++++ INFORMATION SHOWN ++++

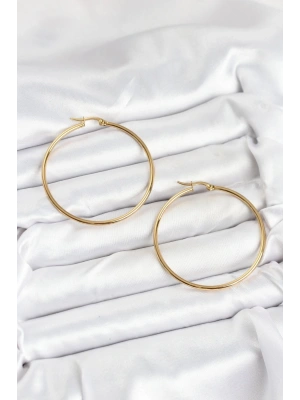 316L Çelik Gold Renk 45 mm Halka Kadın Küpe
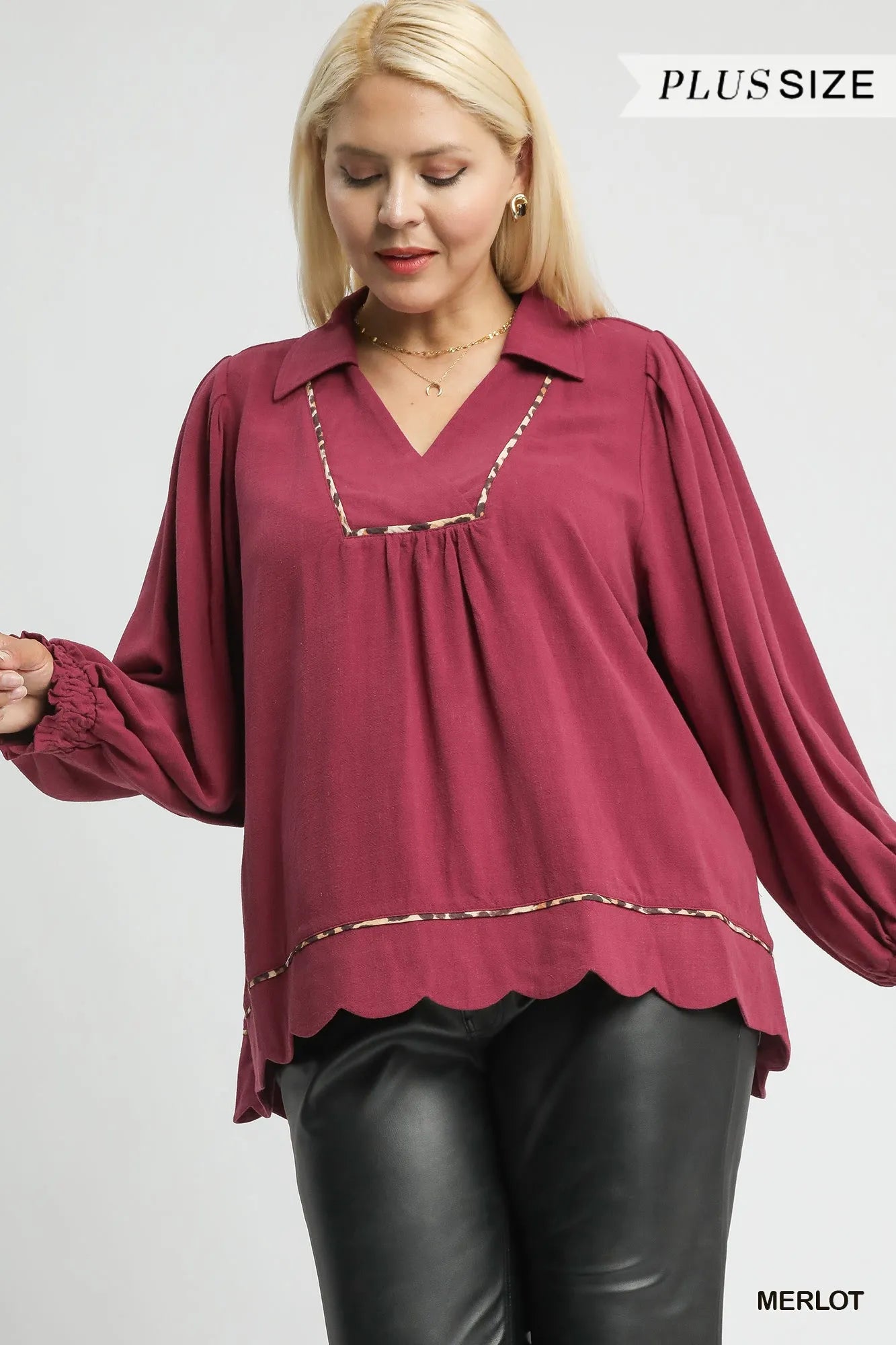 Umgee Full Size Linen Scallop Hem Blouse with Contrast Trim Plus Size Trendsi
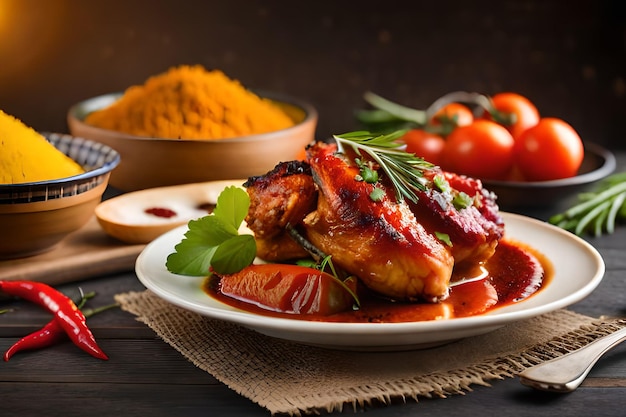 Un plato de comida con salsa roja y especias sobre la mesa.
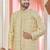 Golden art silk embroidery kurta pyjama with sequence work long jacket indo western for mens wear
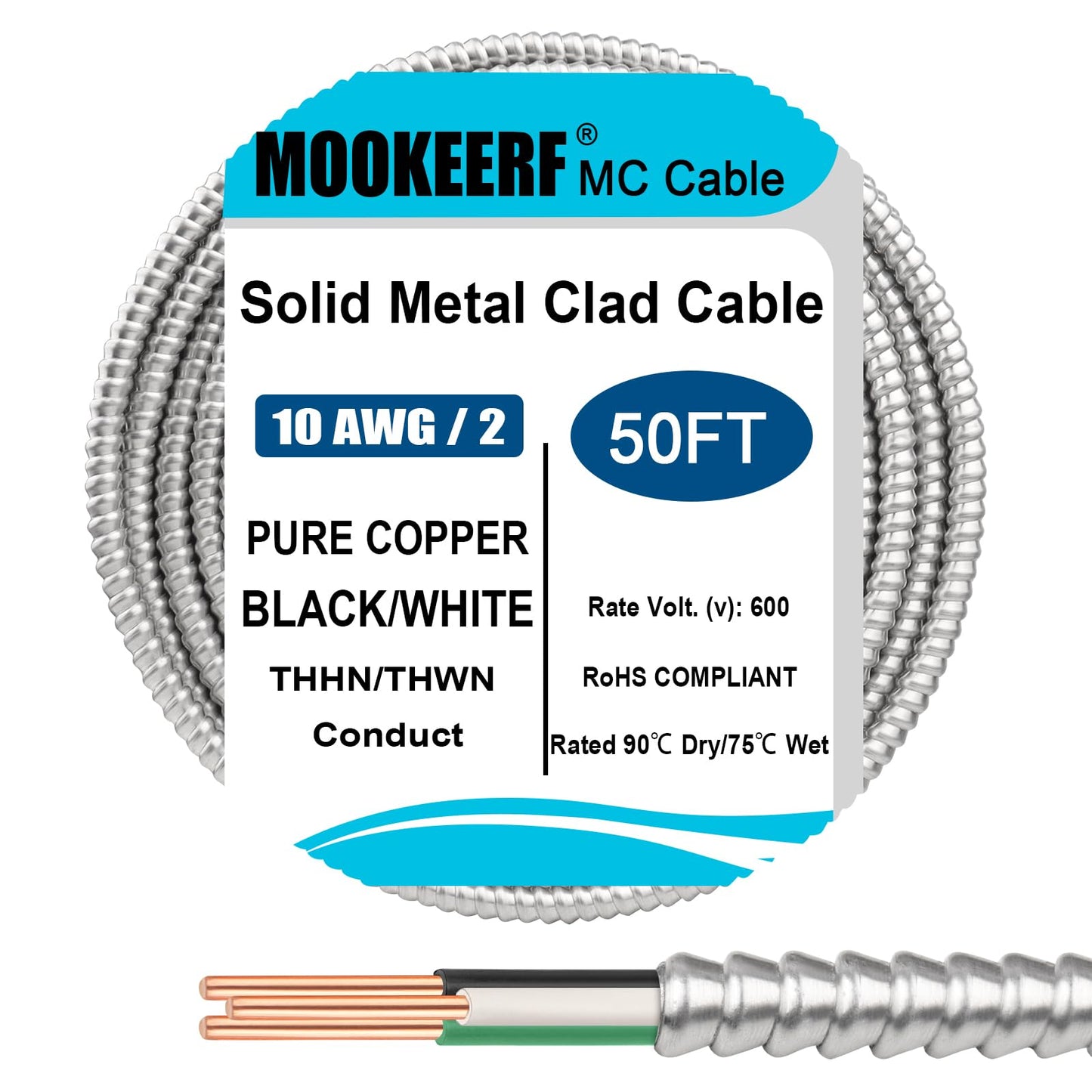 10/2 MC Cable with Ground - 50FT Pure Copper 10AWG/2 Metal Clad Wire with Aluminum Armor 10 Gauge 2 Conductor Type MC Alum Cable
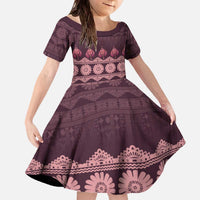 Bula Fiji Iri ni Meke Family Matching Off The Shoulder Long Sleeve Dress and Hawaiian Shirt Piqi Fijian Masi LT14 Daughter's Dress Pink - Polynesian Pride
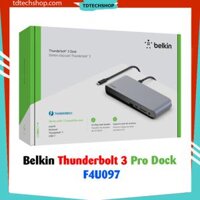 Hub Thunderbolt 3 cho Macbook – Hub Belkin Thunderbolt 3 Pro Dock F4U097 – Xuất 2 màn 4K 60HZ cho Macbook, Laptop Windows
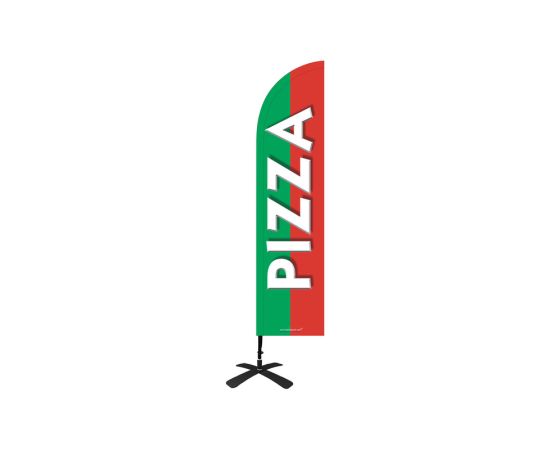 etal-shops.com - Drapeau publicitaire "PIZZA" de dimensions 255 x 60 cm avec Kit complet Tramontane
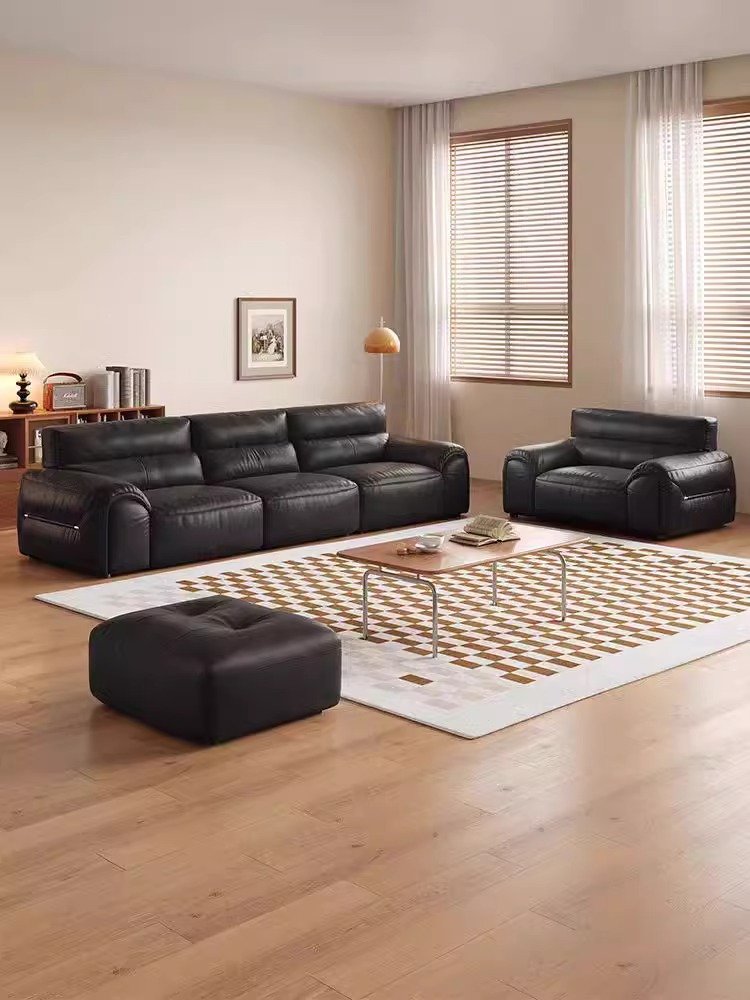 Comfortable black modern sofa living room sofa set European style large high backrest sofa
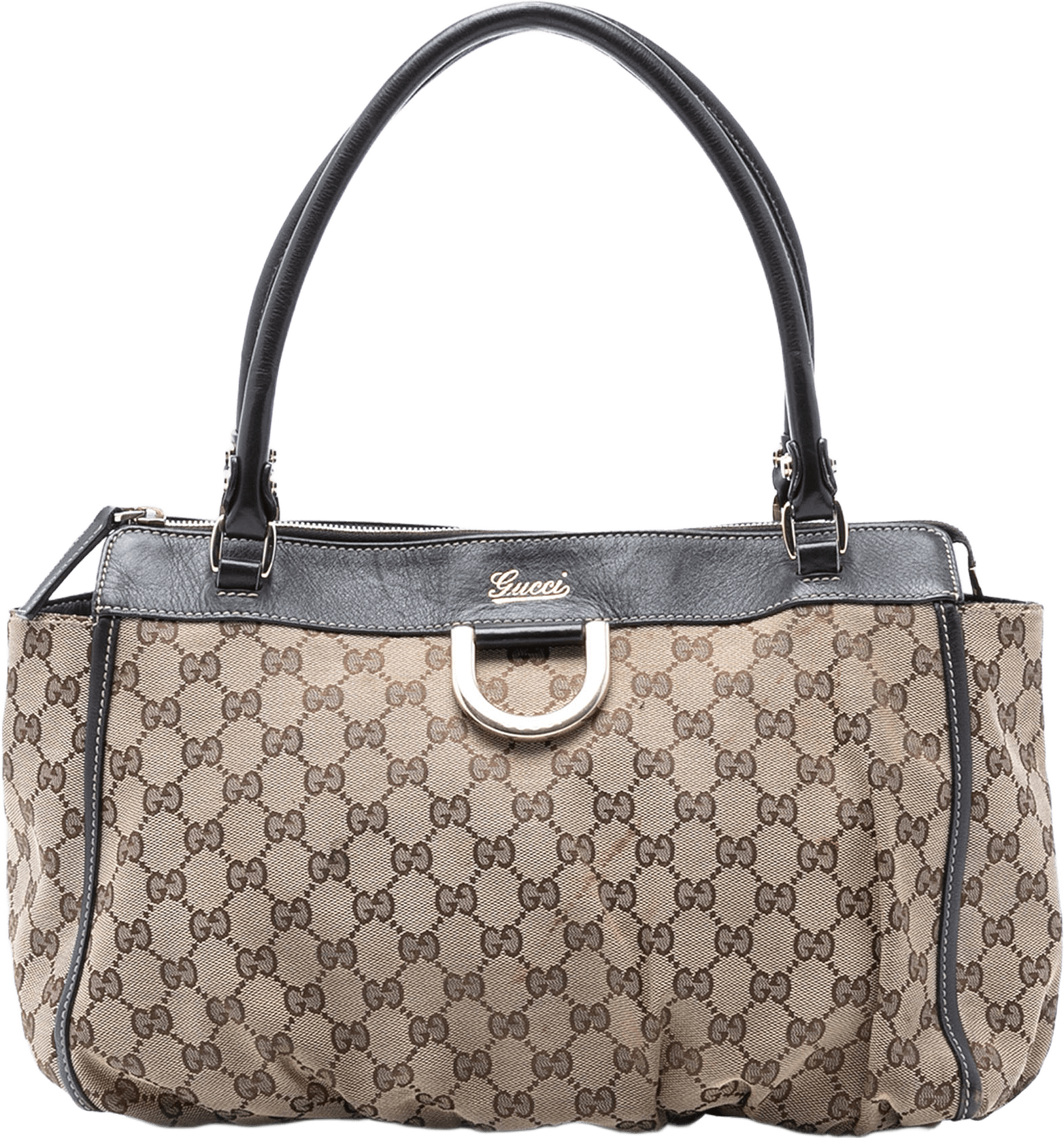Gucci Gg Canvas Abbey D Ring Tote, från Luxclusif, i färgen beige.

++++

| TASK REQUIREMENTS |
Write back word for word every line in the entries above from the one with "Golden art silk" to the one with "Comfortable black modern", ends included, and none of the pictures.

| TASK RESULT |
 Golden art silk embroidery kurta pyjama with sequence work long jacket indo western for mens wear
 10/2 MC Cable with Ground - 50FT Pure Copper 10AWG/2 Metal Clad Wire with Aluminum Armor 10 Gauge 2 Conductor Type MC Alum Cable
 Bula Fiji Iri ni Meke Family Matching Off The Shoulder Long Sleeve Dress and Hawaiian Shirt Piqi Fijian Masi LT14 Daughter's Dress Pink - Polynesian Pride
 Hub Thunderbolt 3 cho Macbook – Hub Belkin Thunderbolt 3 Pro Dock F4U097 – Xuất 2 màn 4K 60HZ cho Macbook, Laptop Windows
 etal-shops.com - Drapeau publicitaire "PIZZA" de dimensions 255 x 60 cm avec Kit complet Tramontane
 Comfortable black modern sofa living room sofa set European style large high backrest sofa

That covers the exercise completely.